- INPUT
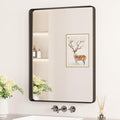 Keonjinn Black Bathroom Mirror for Over Sink, 24 x 32 Inch Matte Black Mirrors by Keonjinn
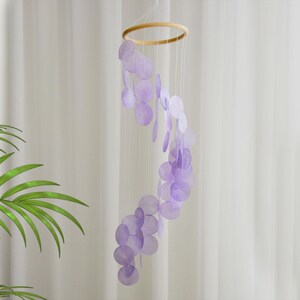 Yellow Capiz Shell Wind Chime Wall Hanging Mobile Decor, Boho Dreamcatcher, Garden Decoration, Multi Colors Optional, Housewarming Gift Purple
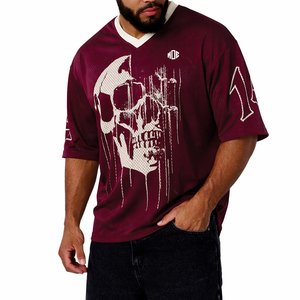 Camiseta de fútbol americano de malla moderna para hombre con gráfico de calavera, ropa deportiva con cuello en V, top deportivo, ropa de equipo personalizada, ropa OEM, pedido al por mayor - Product Image 4
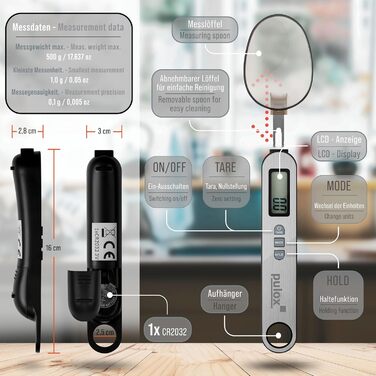 Электронная мерная ложка до 500 г PULOX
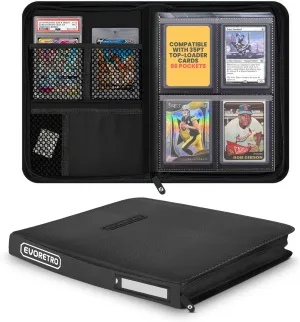 Toploader Binder - 35pt-55pt Topload Card Compatible, 4 Pocket Black Portable Top Loader Card Storage Album, 96 Slots Rigid Card Holder, 2 PSA Slab Pocket, Lorcana, Pokemon, MTG, Sports Cards EVORETRO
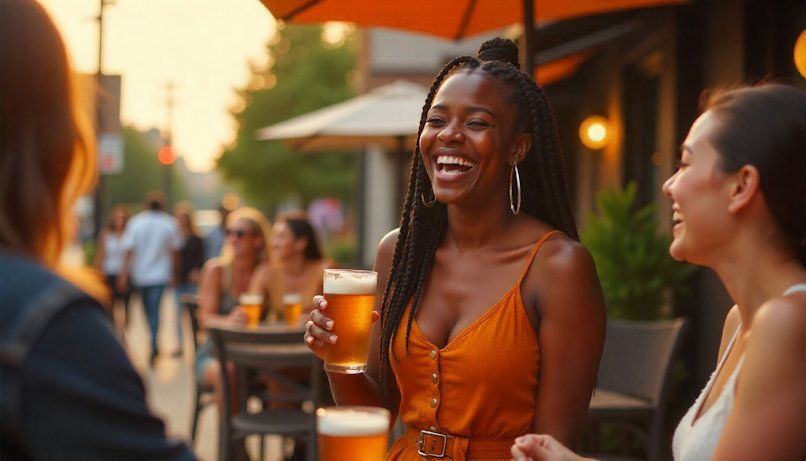 An African American woman laughing while holding a beer at a trendy brewery patio in the Oregon District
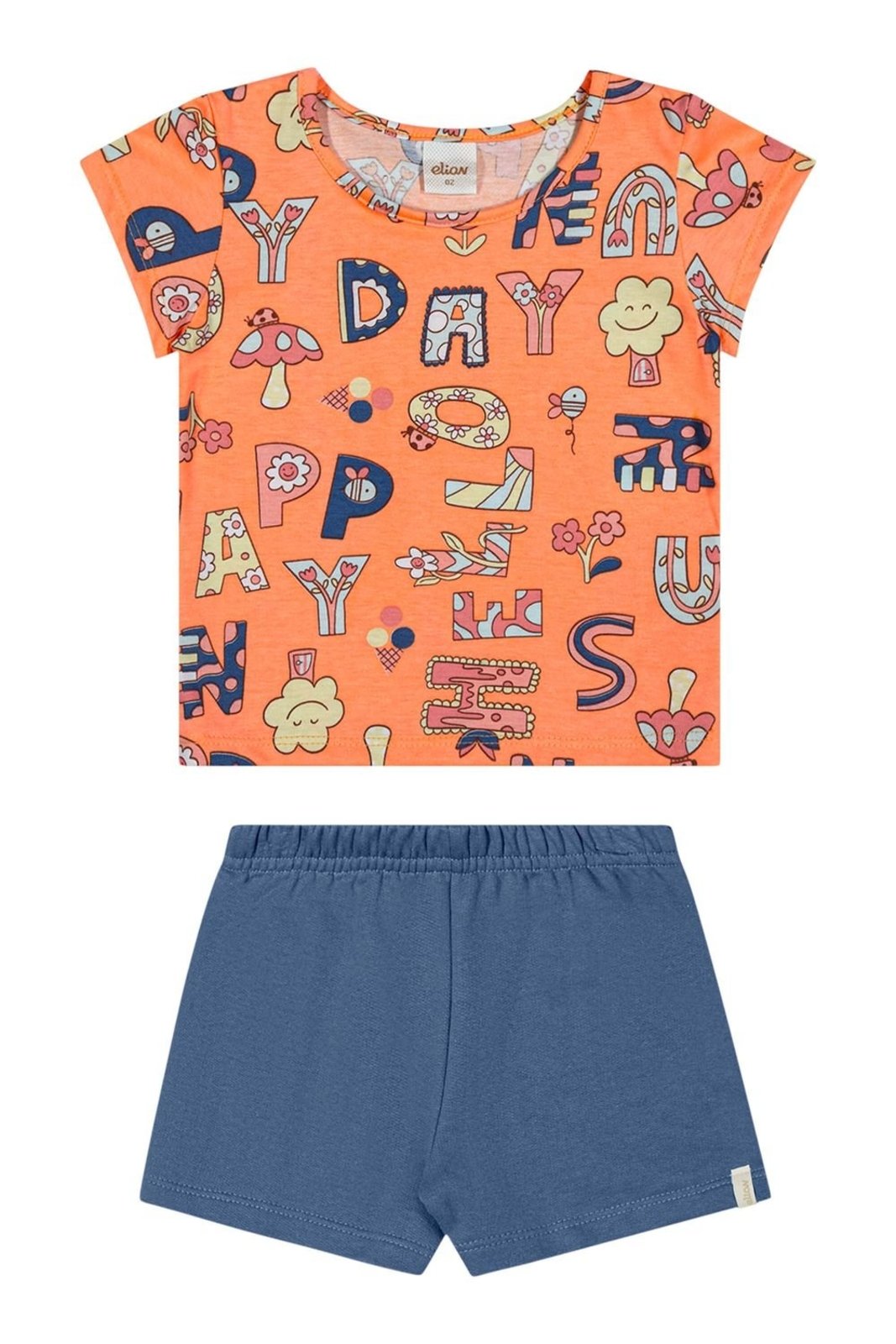 Infantil - Conjunto Curto Menina Lúdico Elian Laranja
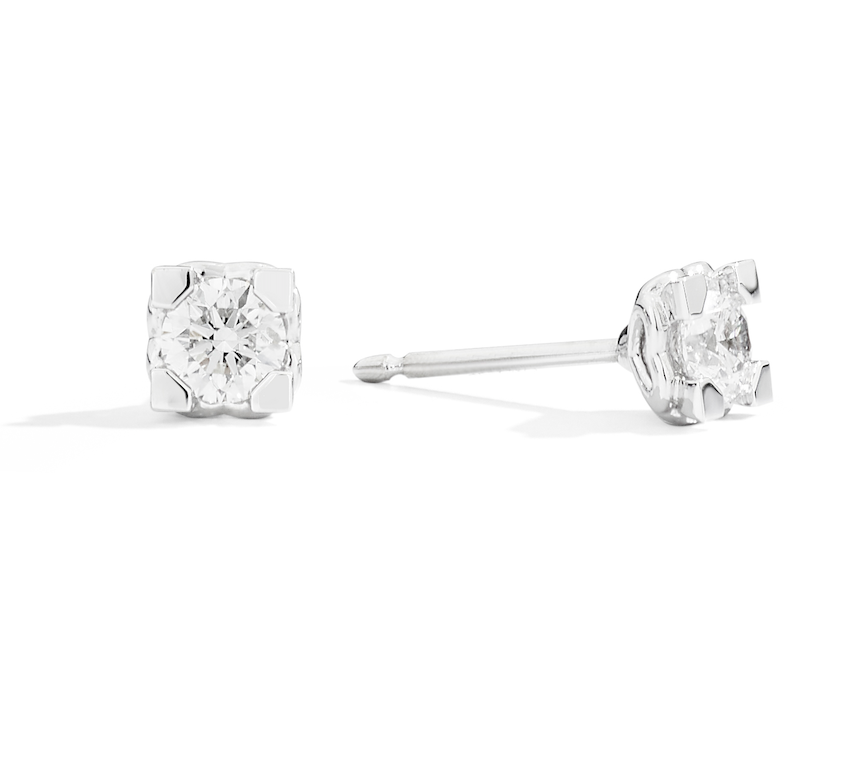 Recarlo Anniversary Square 18ct White Gold Diamond Stud Earrings REC-464 Image 1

- TASK TO COMPLETE
Start at the first line and set down all of the data exactly, passing over the pictures.

- SOLUTION BELOW
 Keonjinn Black Bathroom Mirror for Over Sink, 24 x 32 Inch Matte Black Mirrors by Keonjinn
 Yellow Capiz Shell Wind Chime Wall Hanging Mobile Decor, Boho Dreamcatcher, Garden Decoration, Multi Colors Optional, Housewarming Gift Purple
 Camiseta de fútbol americano de malla moderna para hombre con gráfico de calavera, ropa deportiva con cuello en V, top deportivo, ropa de equipo personalizada, ropa OEM, pedido al por mayor - Product Image 4
 Электронная мерная ложка до 500 г PULOX
 Toploader Binder - 35pt-55pt Topload Card Compatible, 4 Pocket Black Portable Top Loader Card Storage Album, 96 Slots Rigid Card Holder, 2 PSA Slab Pocket, Lorcana, Pokemon, MTG, Sports Cards EVORETRO
 An African American woman laughing while holding a beer at a trendy brewery patio in the Oregon District
 Infantil - Conjunto Curto Menina Lúdico Elian Laranja
 Recarlo Anniversary Square 18ct White Gold Diamond Stud Earrings REC-464 Image 1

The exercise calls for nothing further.